2002-08-17 Thread Costin Manolache

Remy Maucherat wrote:

>> The way I see it, we'll have 2 JNDI 'trees':
>>  - one for 'config data' ( the new one ).
>>  - one for 'runtime data' - including the VFS, various java:env, etc.
> 
> Yes.
> 
> I suppose you can take advantage of federation to make a giant big tree.

And internals and 'priviledged' application will get access to the 
root of this tree, and look up anything configurable or runtime
using the 'normal' API - with no tricks with classloader/thread binding.
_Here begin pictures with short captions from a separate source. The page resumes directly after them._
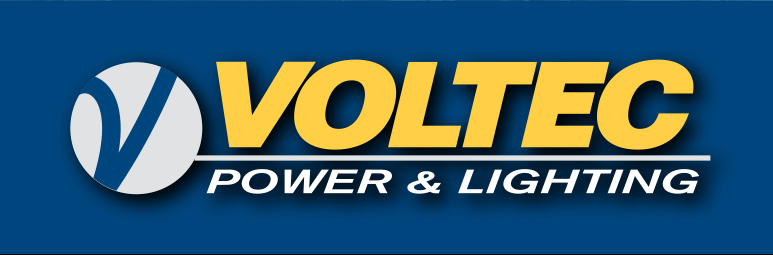 Voltec-Logo.png
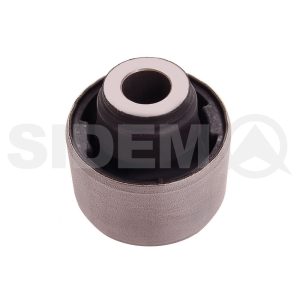 Suport trapez MITSUBISHI i (HA_) MiEV (HA4W, HA3W) electric 64 cai SIDEM 871633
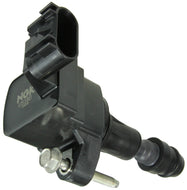 NGK NGK48973 NGK 2010-07 Saturn Vue COP Ignition Coil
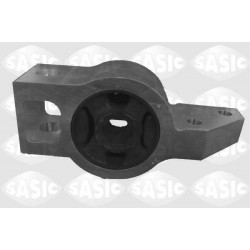 Ψαλίδι, ανάρτηση τροχών AUDI A3; SEAT ALTEA, ALTEA XL, LEON, TOLEDO III; SKODA OCTAVIA II, SUPERB II, YETI; VW CADDY III, CADDY III/MINIVAN, EOS 1.2-3.6 02.03-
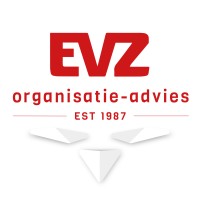 EVZ organisatie-advies logo - Similar company to Snens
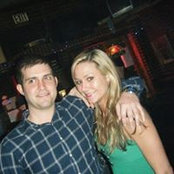 Rachel Harris's photo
One way or another, we need each internal object to be aware of its
name - and it can cache the DirContexts it needs ( to avoid duplicating
lookups, etc ).

 
> As I see it, we'll have the JNDI config which will be used by the
> Catalina objects (like StandardContext) to store their config. The
> question is do we make those objects the MBeans. I think we can use the
> modeler to do that easily, instead of having the MBeans be another set
> of separate objects.

I don't think they need to be registered by default, but it is indeed very
easy to turn them into MBeans via modeler. Probably the same listener 
mechanism can be used ( jndi also has some events to notify of new objects
and attribute changes - similar with the Lifecyecle and catalina-specific 
events used to registrate the mbeans in the current code ).

We need to have each configurable object into the mbean.xml descriptor, 
which may eventually turn with some magic into an ldap schema. 

I am thinking to propose use of commons-discovery and a META-INF/mbeans.xml
in modeler - so a jar containing tomcat modules will include it's onw
description, and an easy mechanism to find it.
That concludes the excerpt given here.